- _TASK TO CARRY OUT_:
Skip the pictures. Output only the lines below starting at the line with "Командующий ВС и" and ending at the line with "Кросівки жіночі Air", both ends included, exactly as they are.

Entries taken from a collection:

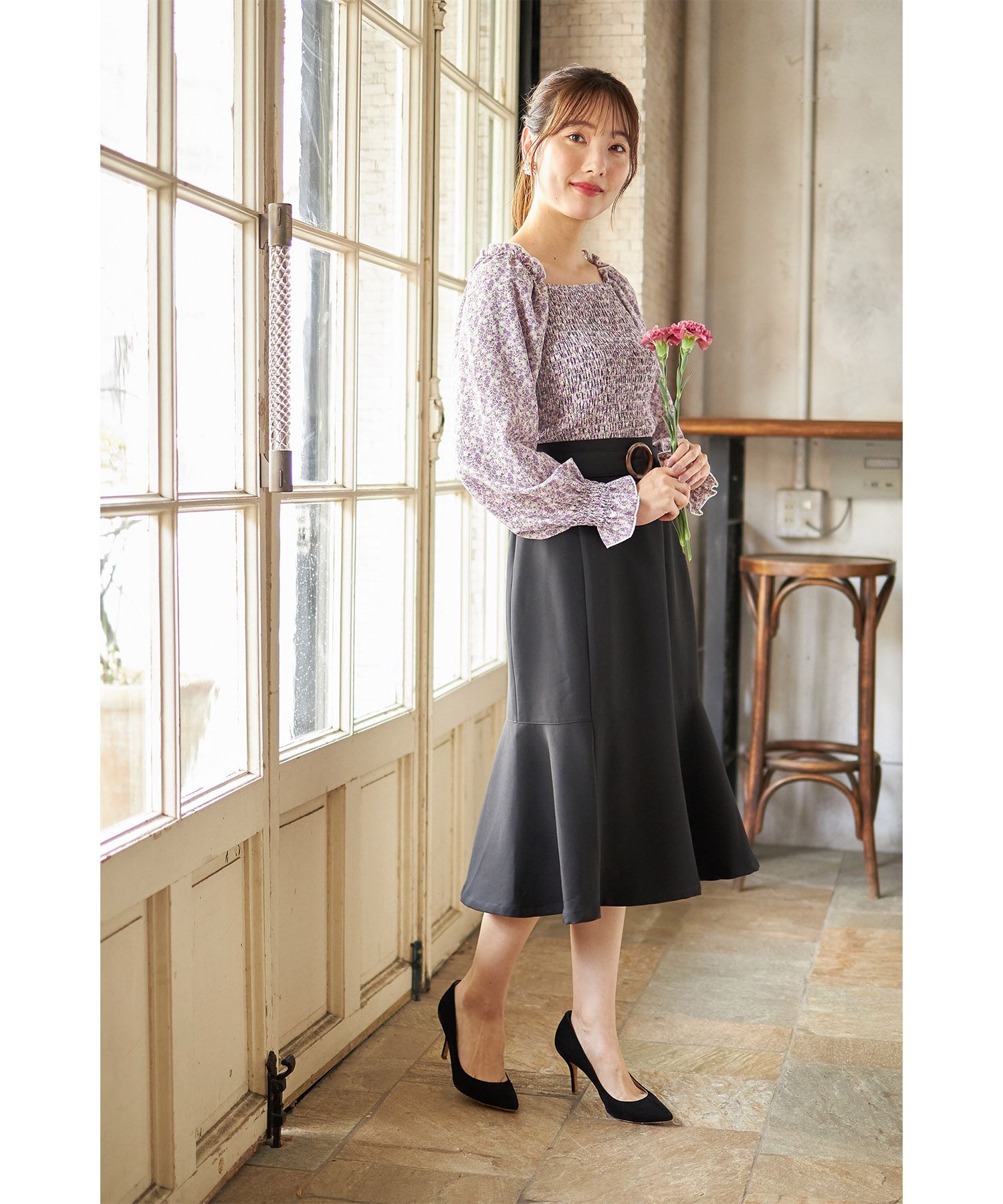 日本 tocco-closet - 歐風碎花方領雪紡上衣-知性黑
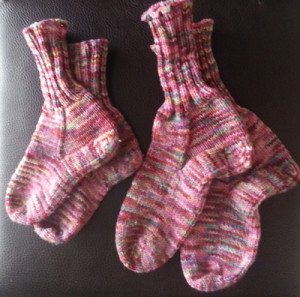 Children's socks, toe up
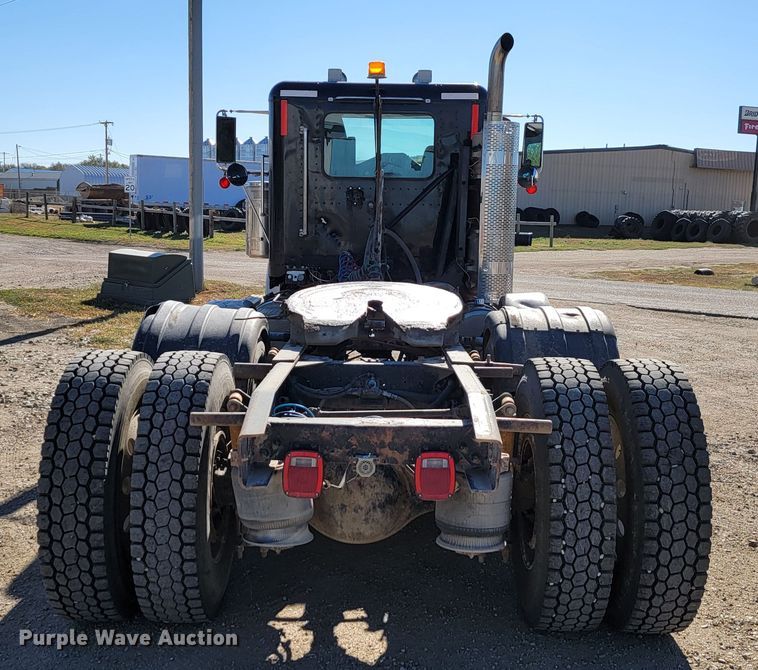 image for item LL9565 2008 Freightliner Classic XL  semi truck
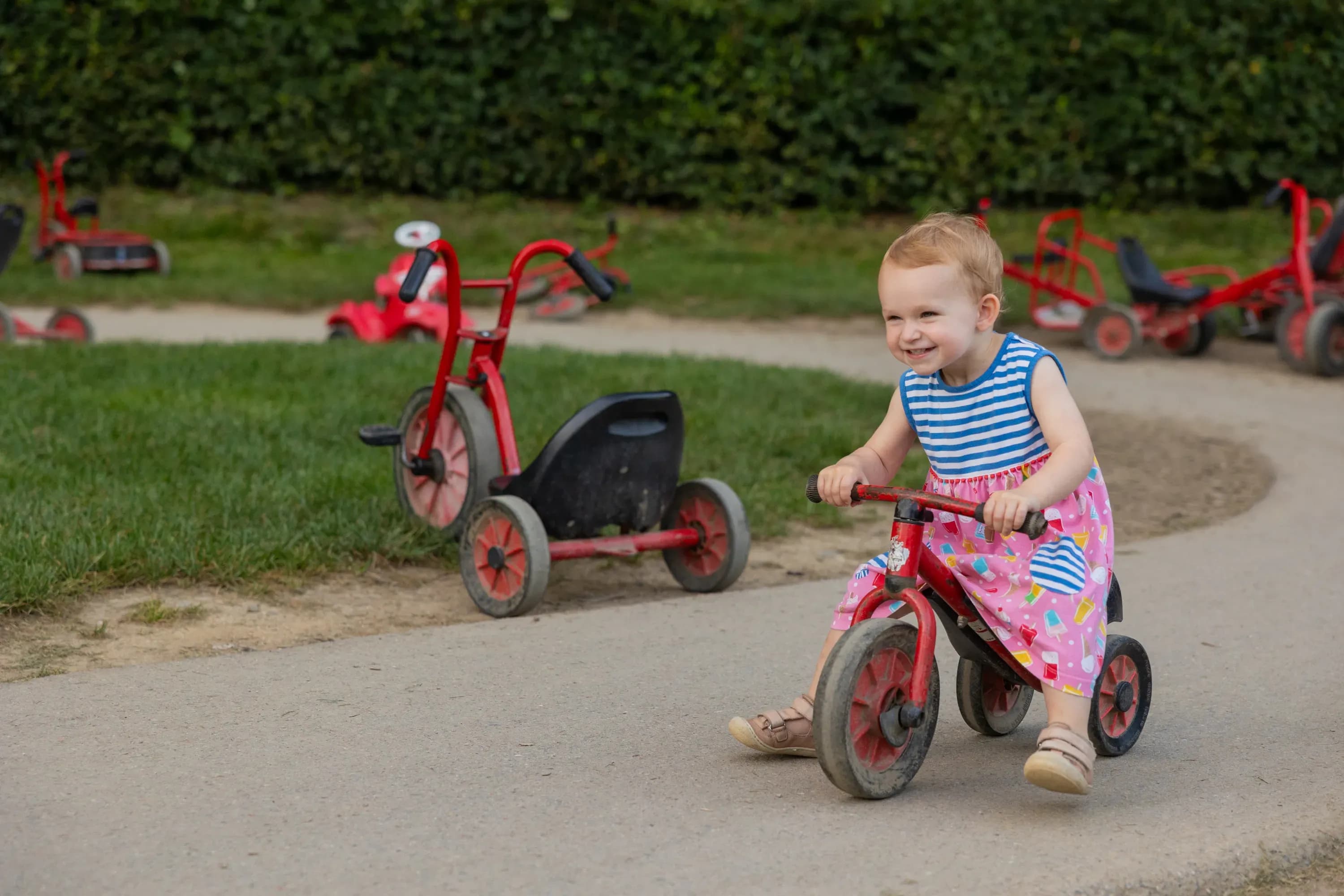 Glückliches Kind auf einem der Spielplätze am Schreinerhof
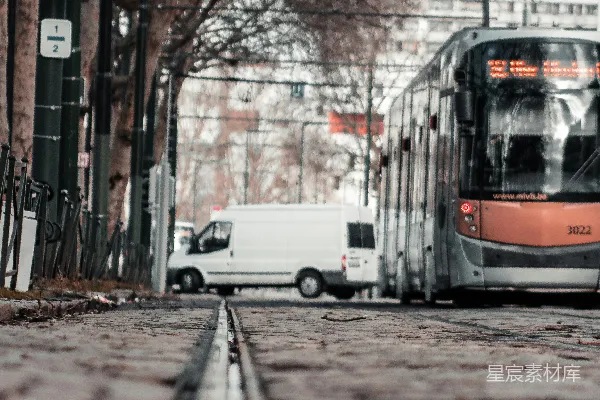 高清摄影 城市中的电车与街道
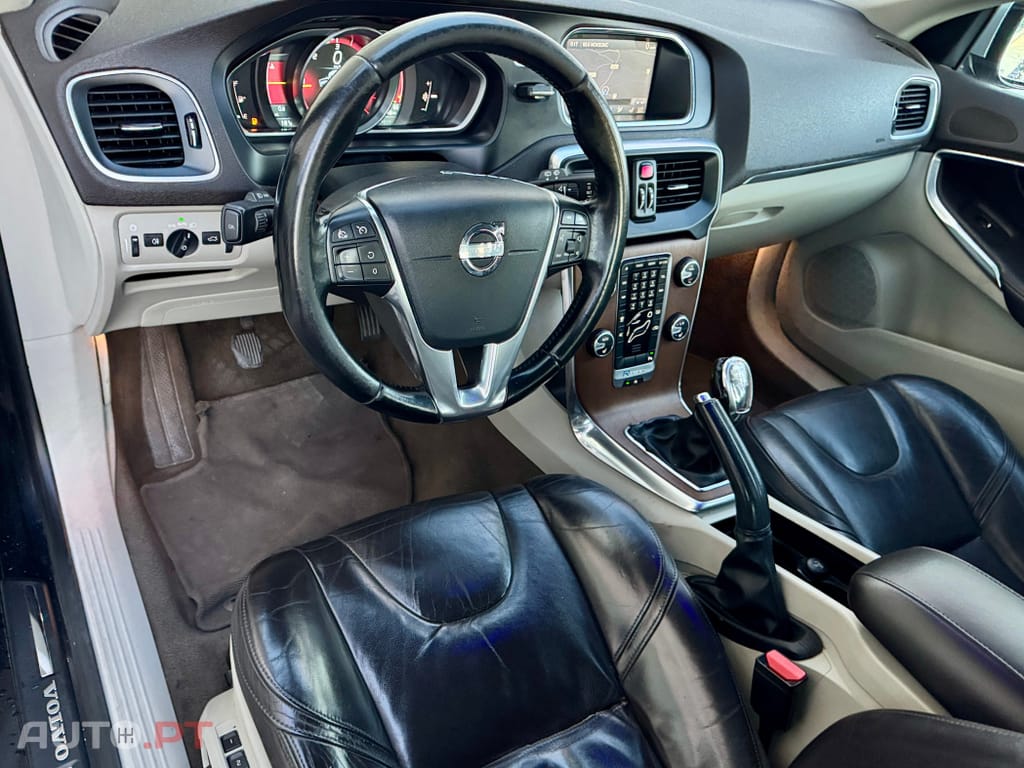 Volvo V40 1.6 D2 R-Design Momentum
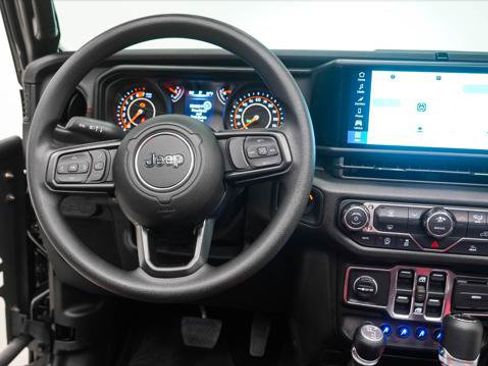 Used 2026 Jeep Wrangler Unlimited Sport AWD/4WD image 39
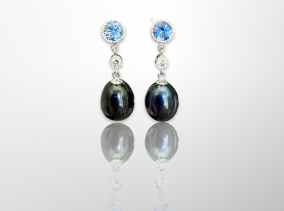HARMONY COLLECTION - A Pair of Aquamarine Earstuds with Detachable Diamond and Freshwater Cultured Pearl Drops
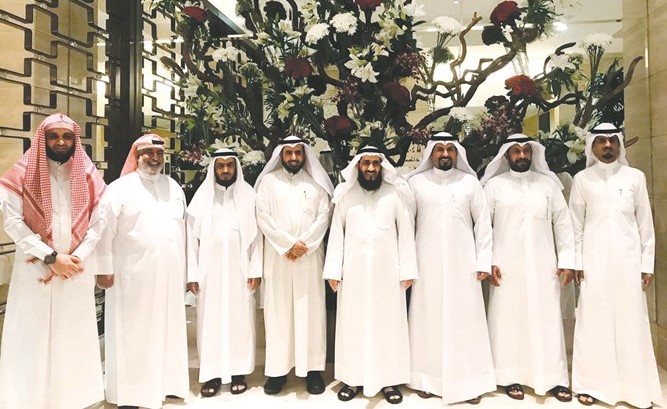 م.فريد عمادي وم.بدر العتيبي وناصر المطيري ود.احمد العتيبي خلال اللقاء﻿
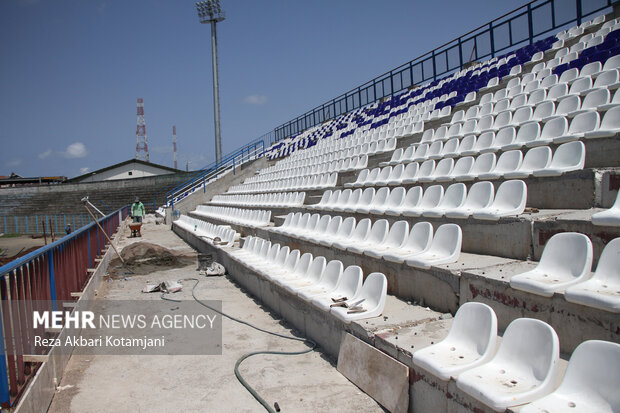تداوم بازسازی ورزشگاه تختی انزلی در واپسین روزهای باقیمانده تا آغاز لیگ برتر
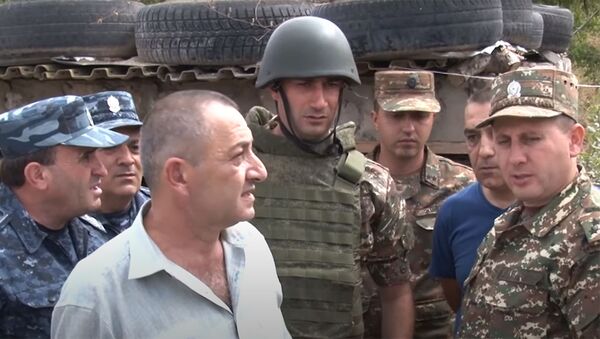Командующий ВС и начальник ГИБДД посетили боевые позиции - Sputnik Армения
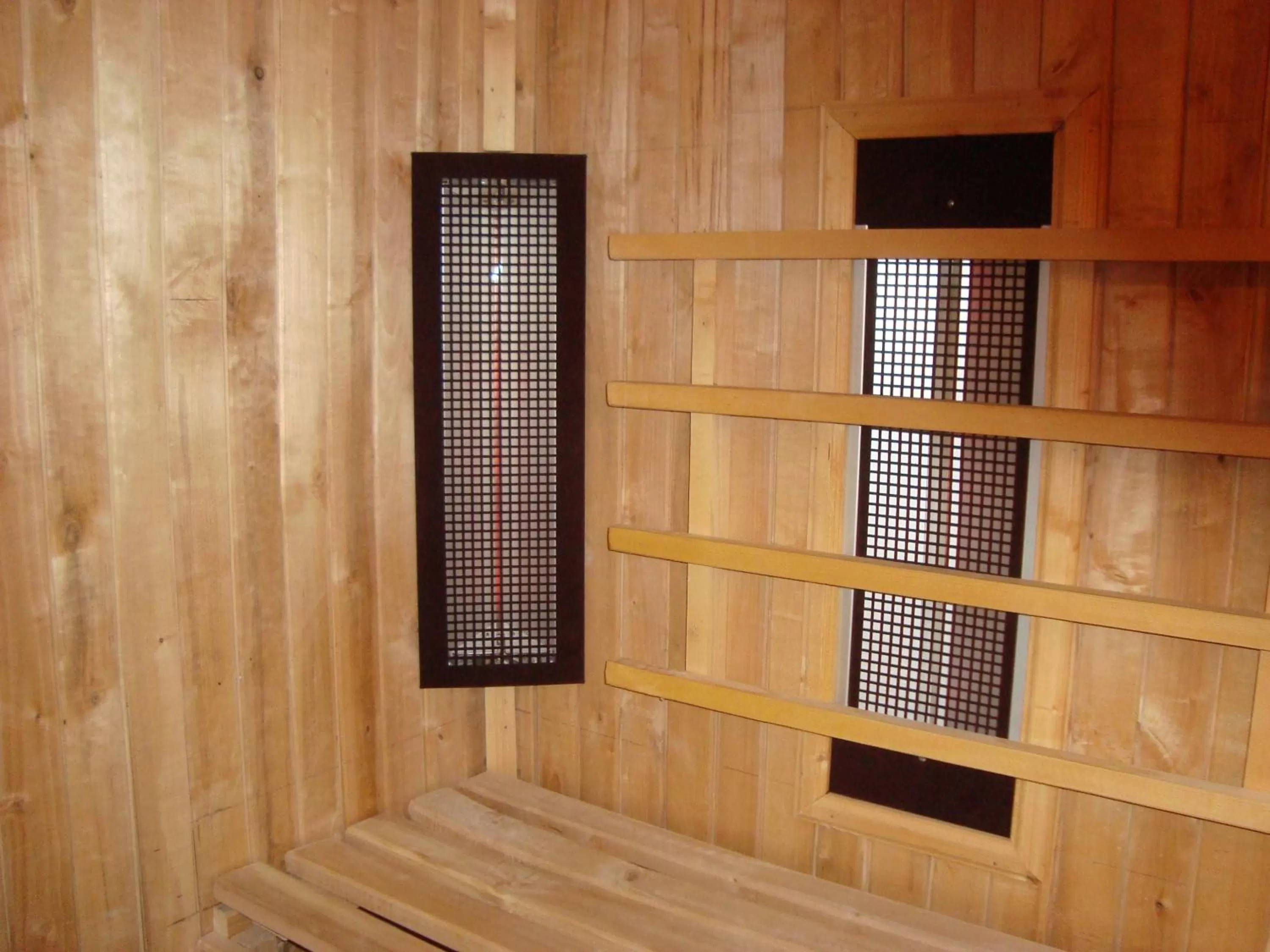 Steam room, TV/Entertainment Center in Hotel Kardjali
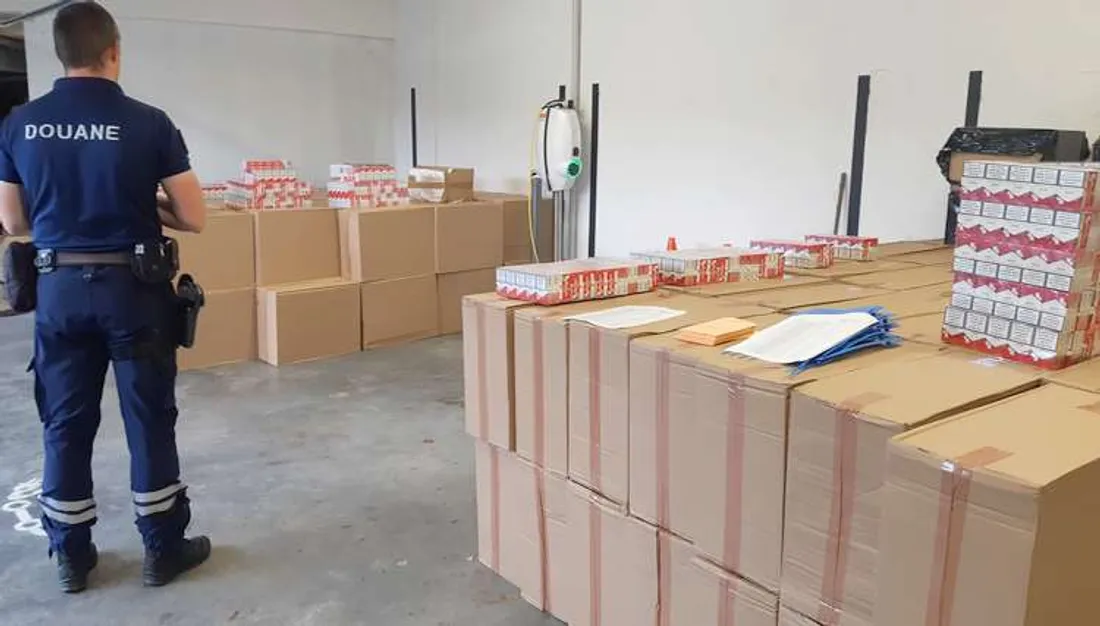 Prise de cigarettes de contrebande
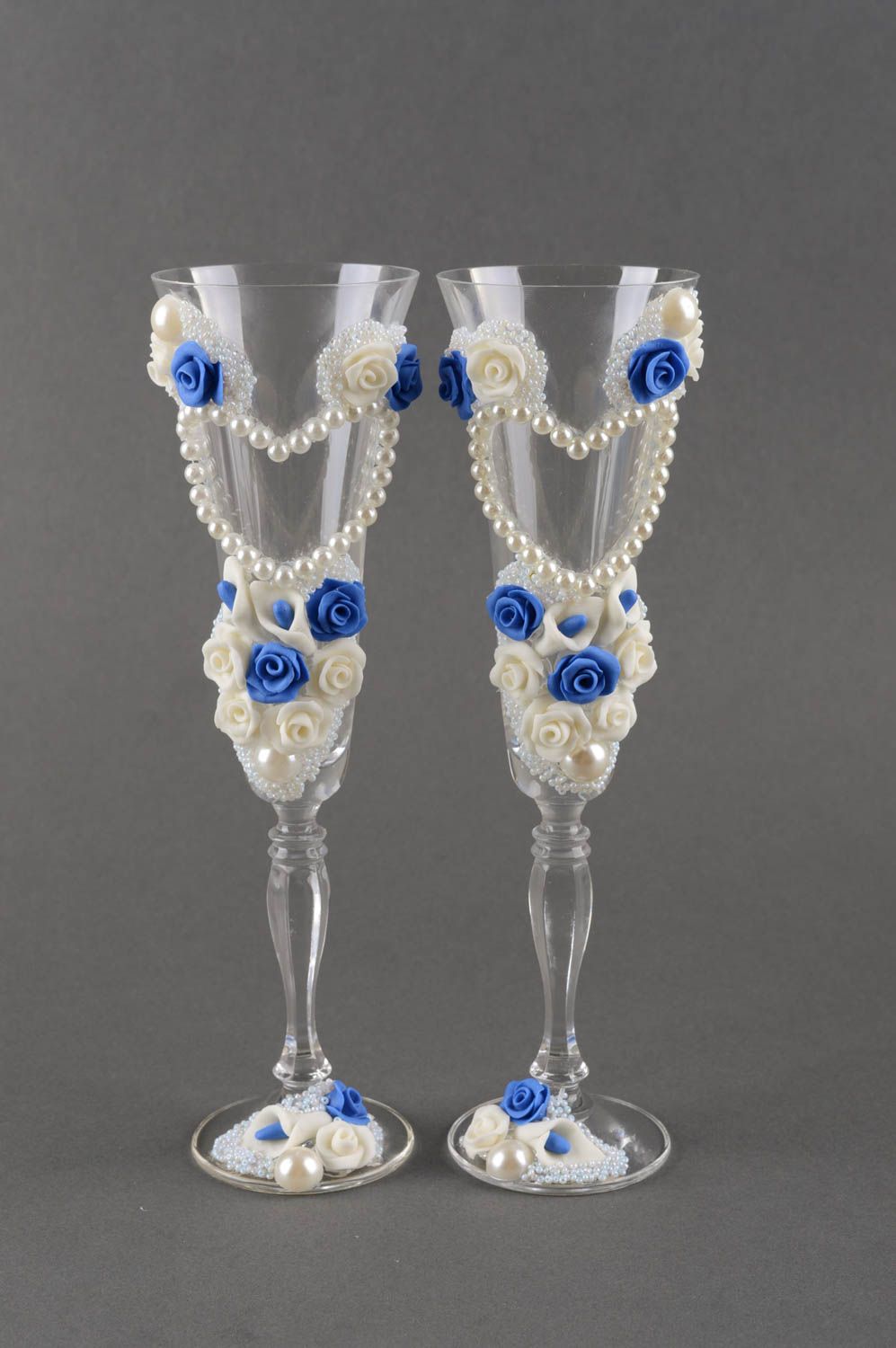 Свадебные бокалы изделия ручной работы авторские бокалы синие и белые розы фото 2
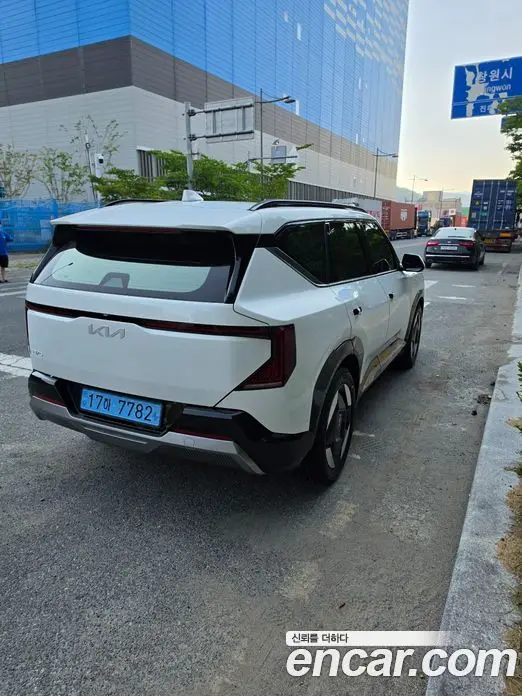 Kia EV5 2026 автомат (гидро), фото 14 Kia EV5 2026 автомат (гидро), фото 14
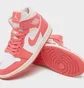 Кросівки жіночі Air Jordan 1 Mid Pink/White BQ6472-186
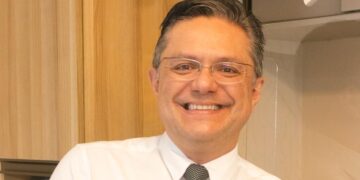 Dr. Leonardo Bezerra participa de Simpósio de Endometriose em Fortaleza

- _SOLUTION BELOW_:
Командующий ВС и начальник ГИБДД посетили боевые позиции - Sputnik Армения
 Steam room, TV/Entertainment Center in Hotel Kardjali
 Prise de cigarettes de contrebande
 Свадебные бокалы изделия ручной работы авторские бокалы синие и белые розы фото 2
 Kia EV5 2026 автомат (гидро), фото 14 Kia EV5 2026 автомат (гидро), фото 14
 Кросівки жіночі Air Jordan 1 Mid Pink/White BQ6472-186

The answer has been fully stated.